If you tally up every national park, land-based national monument, and national conservation land scattered across the United States, then account for crossover, you’ll end up with 478 distinct places. And Scott Jones is likely the only person to have visited them all.

On August 26, Jones arrived at Montana’s Upper Missouri River Breaks National Monument to complete what he’s dubbed the Treasured Lands Quest, a nearly 15-year project with roots that stretch back to the 1930s when his grandparents road-tripped to visit the country’s small, but growing collection of national parks. Though he now lives in Phoenix, Jones grew up in Tucson, interrupted only when his father’s job relocated the family to Detroit while he was in grade school. In an effort to explore their temporary new home, Jones’ mother bought a state parks pass and together they ticked off each one within a day’s driving distance. “Holy crap—that was my first quest!” says Jones. “I hadn’t really considered that before.”

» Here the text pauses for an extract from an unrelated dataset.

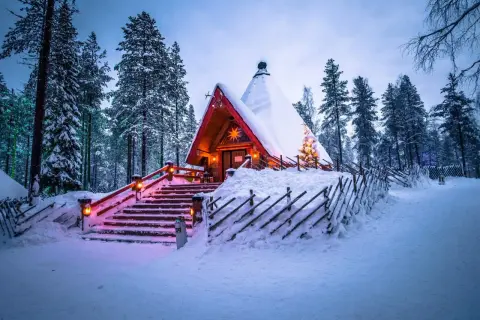 En snötäckt stuga i skogen, upplyst av julbelysning. En dröm för en solsemester vinter.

By high school, Jones was back in the desert, this time with his own car. He began hiking in the nearby mountains; by college, he was venturing further afield. As it turned out, visiting national parks and other public lands was a relatively affordable vacation strategy for a college kid, especially one with an equally adventurous girlfriend. Echoing that childhood experience in Michigan, he bought a national parks pass. “It’s like, yeah, we can afford to drive to Yosemite, eat pork and beans, camp, and see some cool stuff; we can’t afford to do a Vegas weekend,” he says. “At some point it all just kind of snowballed. We were like, we might as well to go to all of them.”

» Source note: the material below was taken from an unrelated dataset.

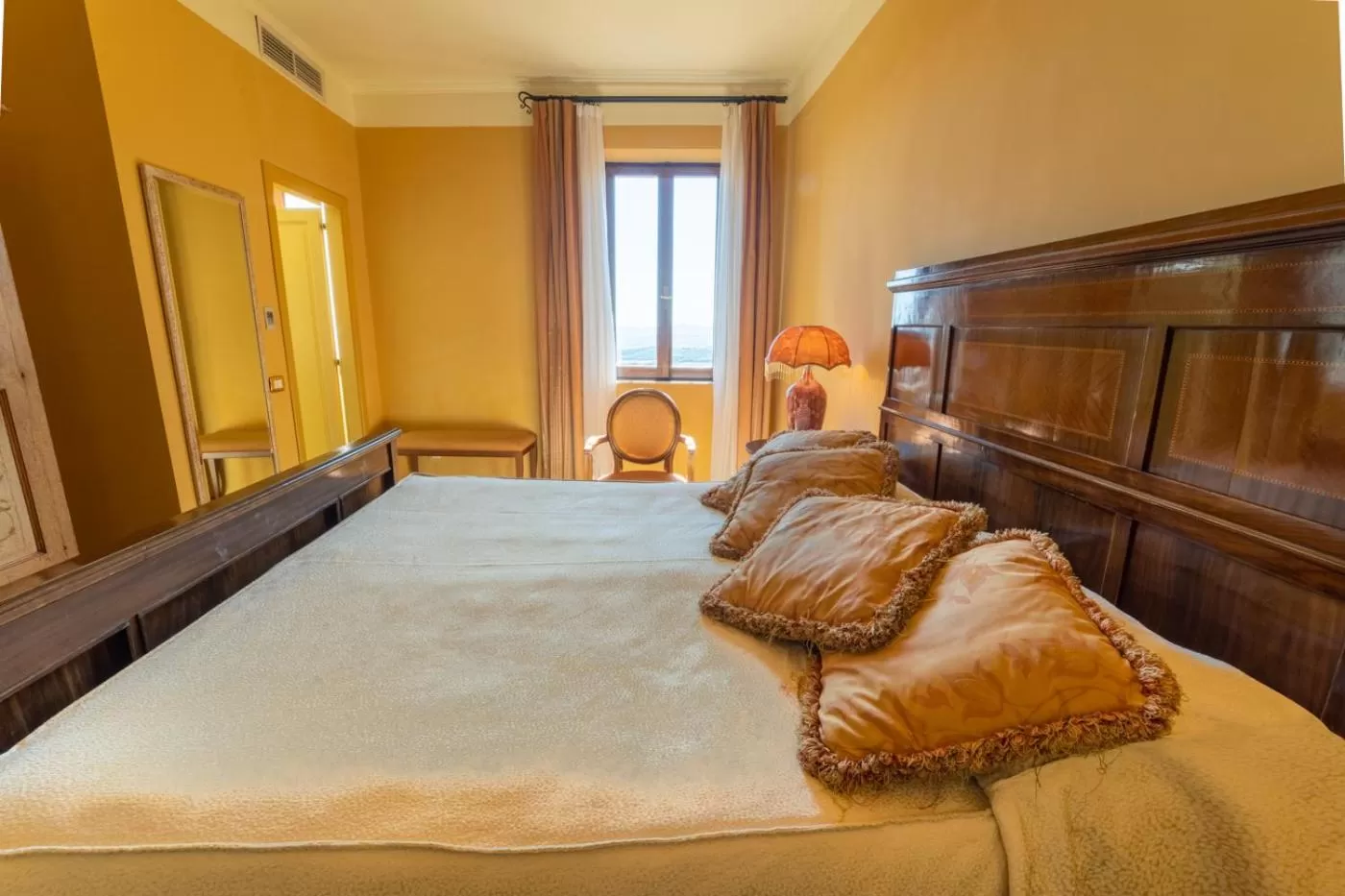 Bed in La Locanda Di San Francesco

Though he’s now freelance, even while working full-time for conservation nonprofits, Jones figured out how to prioritize his mission. He doesn’t have any kids or pets, he often camps at fee-free locations, he’s thrifty at home, and he has a willing partner (his girlfriend, Jen, although his ex-wife was also on board). They make every moment count. “Being in the hotel room, watching TV re-runs is the worst possible hell to me because I’d rather be out doing something else, even if it’s driving to the next place,” he says. “I’m really physically tired when we get back from trips, but emotionally and spiritually, I’m really reinvigorated.”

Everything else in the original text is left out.